The Upstander: How Surviving the Holocaust Sparked Max Glauben’s Mission to Dismantle Hate

By Jori Epstein, Michael Berenbaum

Holocaust survivor Max Glauben is on a mission—to outlast hate, to preserve memory, and to compel the world to embrace tolerance.

Holocaust survivor Max Glauben remembers the paralyzing fear as a boxcar crammed with Jews rumbled from the Warsaw Ghetto to Majdanek death camp in May 1943.

“Why me?” he asked himself at fifteen, wondering why the Nazis had destroyed his family’s business, upended their rights, and ultimately decimated their neighborhood. The deluge of questions only intensified after the Nazis murdered Max’s mother, father, and brother. Max channeled grit, determination, and a fortuitous knack for airplane pattern-making to outlast six horrific concentration camps in his quest to preserve the Glauben name.

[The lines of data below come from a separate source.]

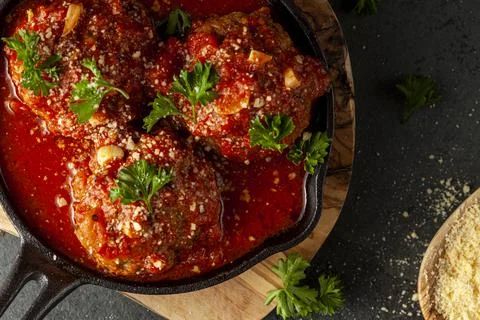 Close up view of three traditional large Italian meatballs in sizzling tomato Stock Photos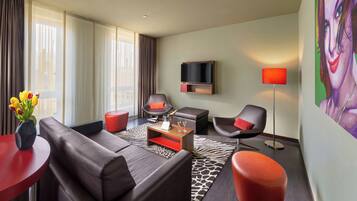 Junior Suite, 1 King Bed, Non Smoking | Living area | 43-inch LCD TV with cable channels, TV, pay films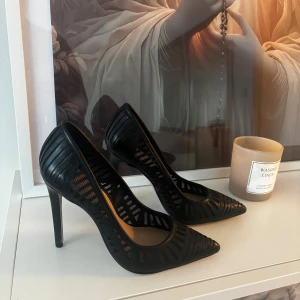 Svarta pumps med spetsig tå - Snygga svarta pumps med spetsig tå och hög klack. Skorna har ett mönster i mesh och skinn som ger en modern och edgy look. Perfekta för dig som vill sticka ut med stilrena detaljer och en elegant siluett.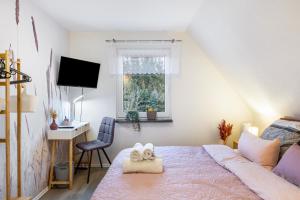 a bedroom with a bed and a desk and a window at Ferienhaus Kirsch in Blankenhain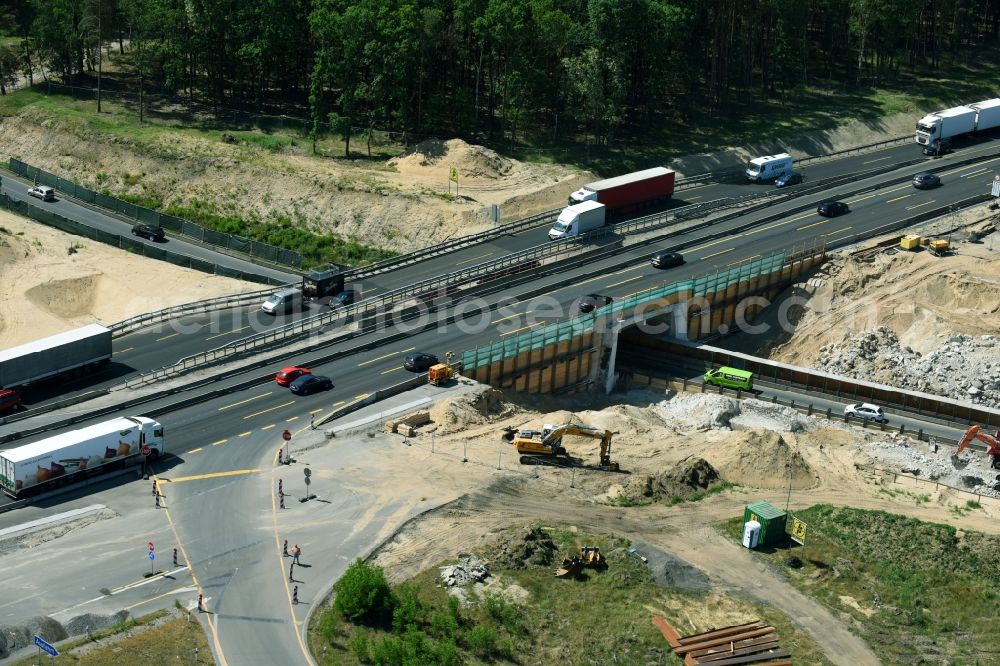 Michendorf from the bird's eye view: Construction for the renovation of the railway bridge building to route the train tracks crossing course of motorway BAB A10 in Michendorf in the state Brandenburg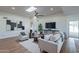 Bright living room with hardwood floors, stylish furniture, and a large flat-screen TV at 8642 E Monterosa Ave, Scottsdale, AZ 85251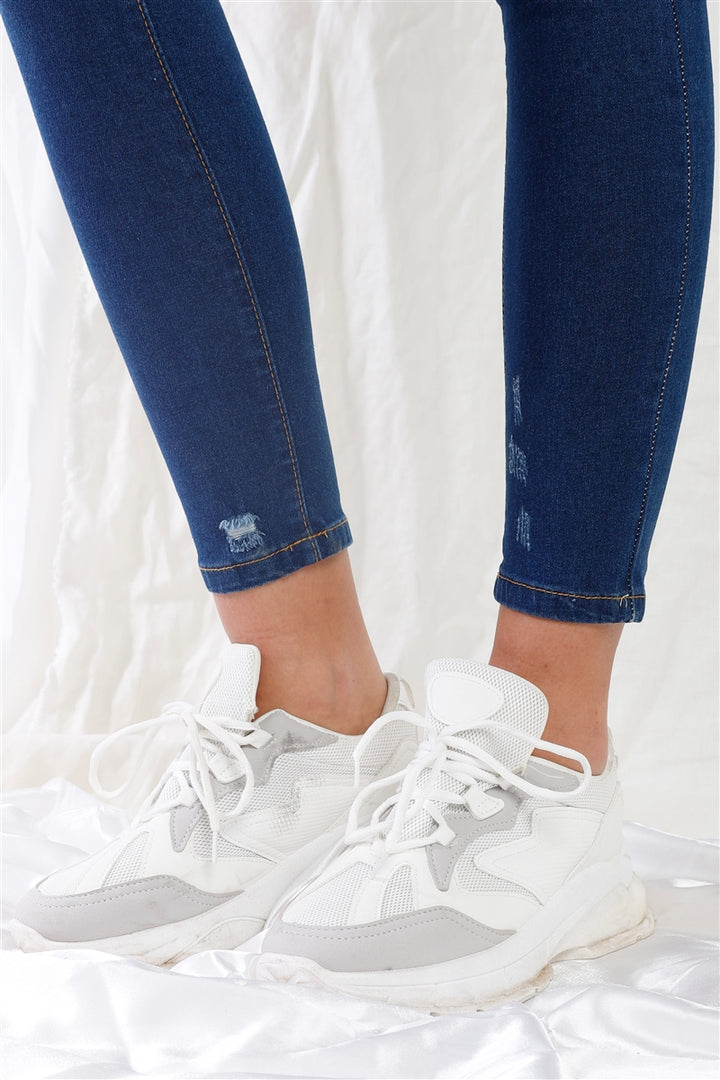 Dunkelblaue Skinny-Jeans mit hoher Taille und Rissen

This memoir explores Max’s mischievous childhood and teen years as a go-to ghetto smuggler. Max journeys from displaced person to American immigrant. He then reveals how he ached as he dared to court love and rear children. Pain can’t be duplicated, he long insisted as he bottled it up. Then he realized: He could transform his pain into purpose.

Infused with raw emotion and vivid detail, historical records and Max’s poignant voice, this memoir relays the true story of the harrowing violence and dehumanization Max endured. It relays Max’s powerful lifetime commitment to actively thwarting hate and galvanizing resilience. Max insists you, too, can transform your adversity into your greatest strength.

Across the seventy-five years that followed Max’s liberation from his sixth and final concentration camp, he’s scrapped the question of “Why me?” He instead deliberately asks himself: “What can I do next?”